◆ Exercise goal:
Output exactly, and only, the lines below from the one with "Graffiti on the" down to the one with "M1 Wireless Magnetic". Include both end lines and no pictures.
*** Opening Data under study ***
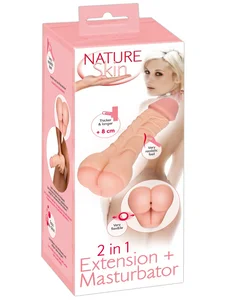 Návlek na penis/masturbátor (2v1) Nature Skin
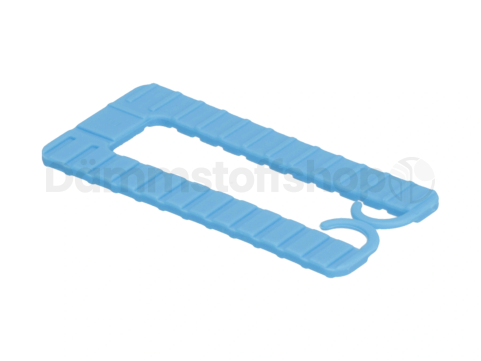 Unterlegplatten kunststoff 2mm 60x30mm blau (100 Stück)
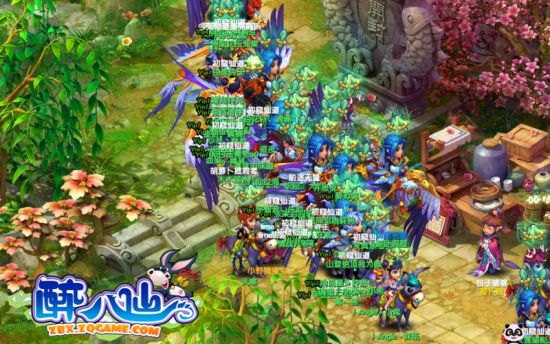 惊艳萌界醉八仙醉萌女版八仙火辣亮相_网络游戏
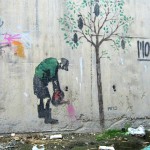 Graffiti on the canal walls in northwestern Tehran. October 2012. Graffiti on Tehran canal walls (35)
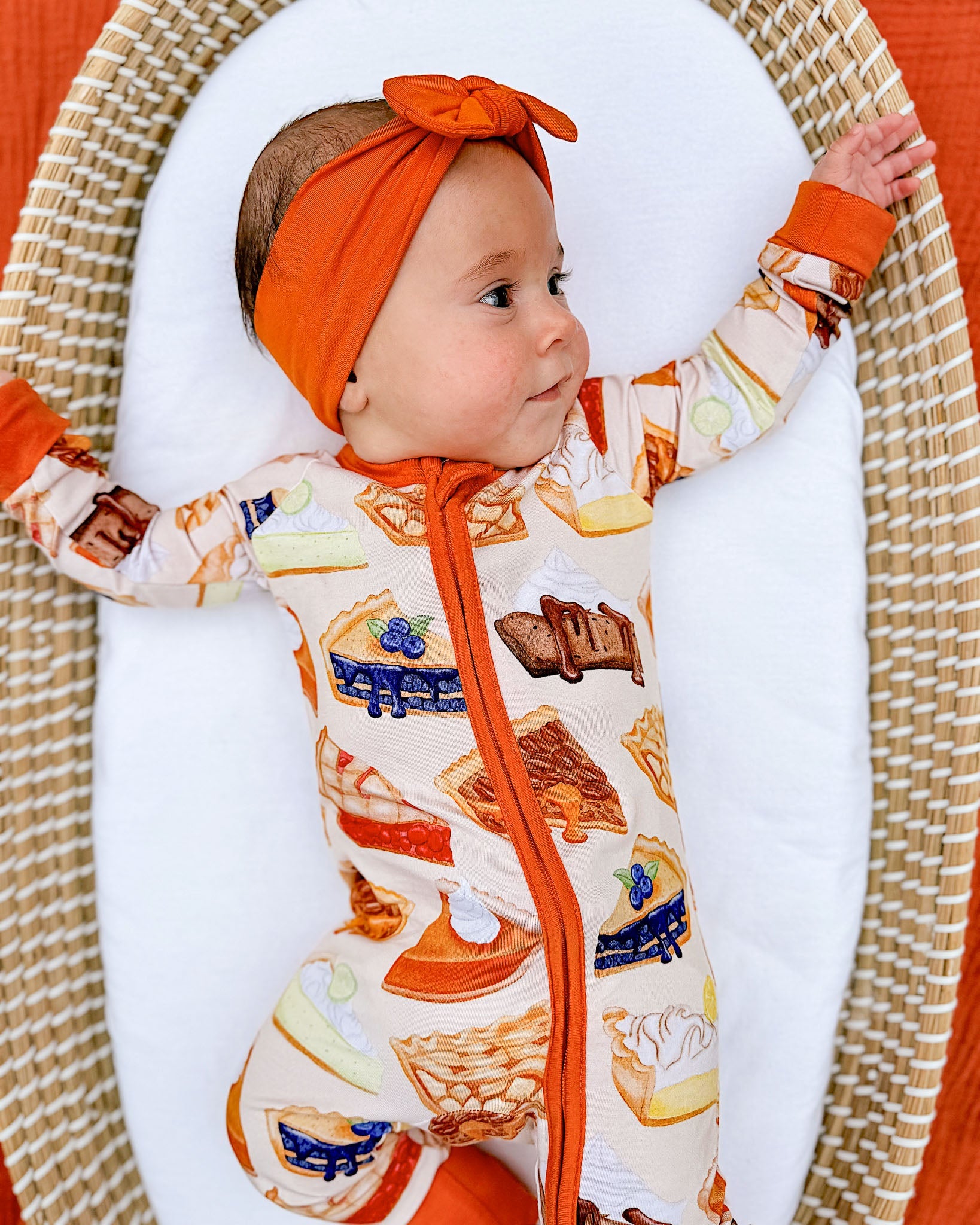 Slice Of Pie | Bamboo Zipper Pajamas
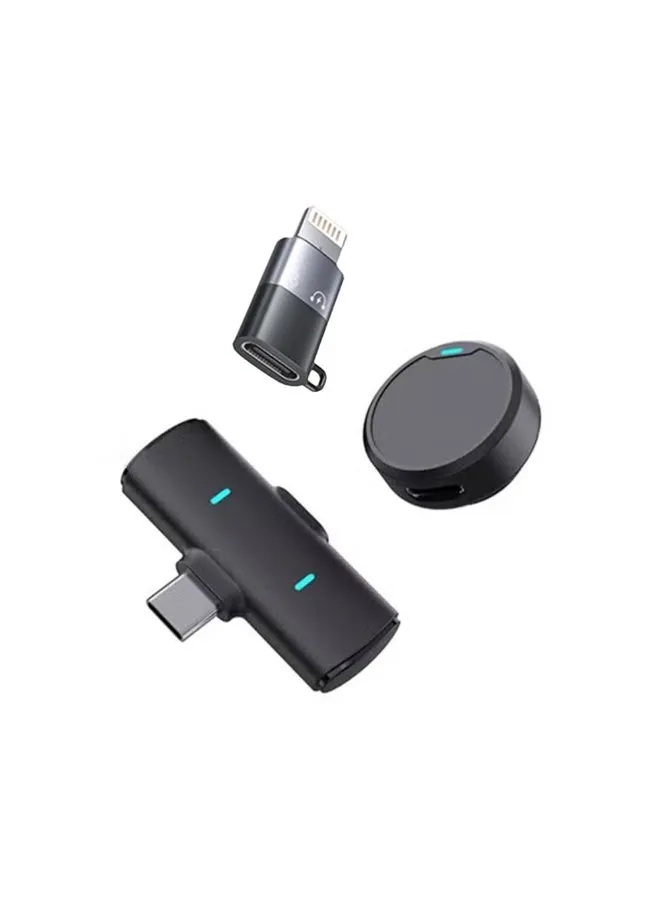 M1 Wireless Magnetic Lavalier Microphone with Button Control, Long-Endurance Battery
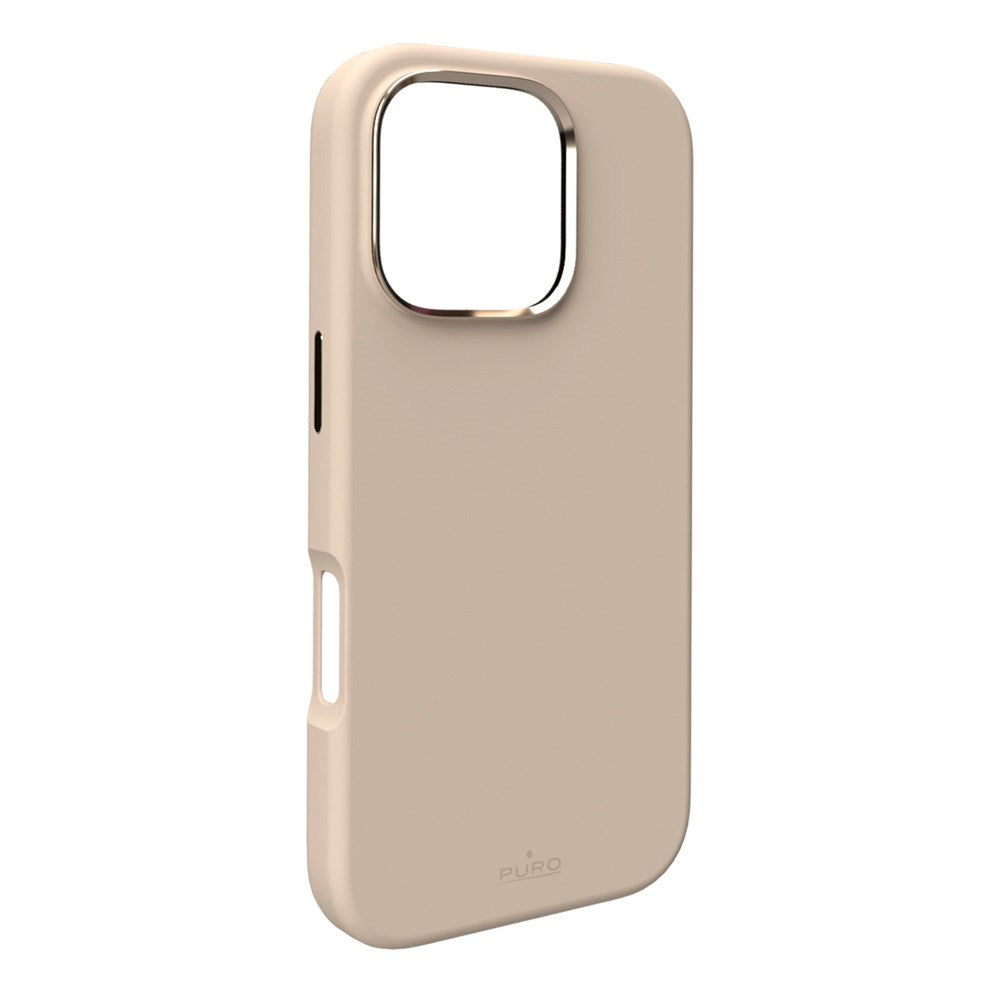 PURO ICON MAG PRO Silicone Case - MagSafe Compatible - iPhone 16 Pro Max - Beige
*** Closing Data under study ***
◆ Answer space:
 Graffiti on the canal walls in northwestern Tehran. October 2012. Graffiti on Tehran canal walls (35)
 Slice Of Pie | Bamboo Zipper Pajamas
 M1 Wireless Magnetic Lavalier Microphone with Button Control, Long-Endurance Battery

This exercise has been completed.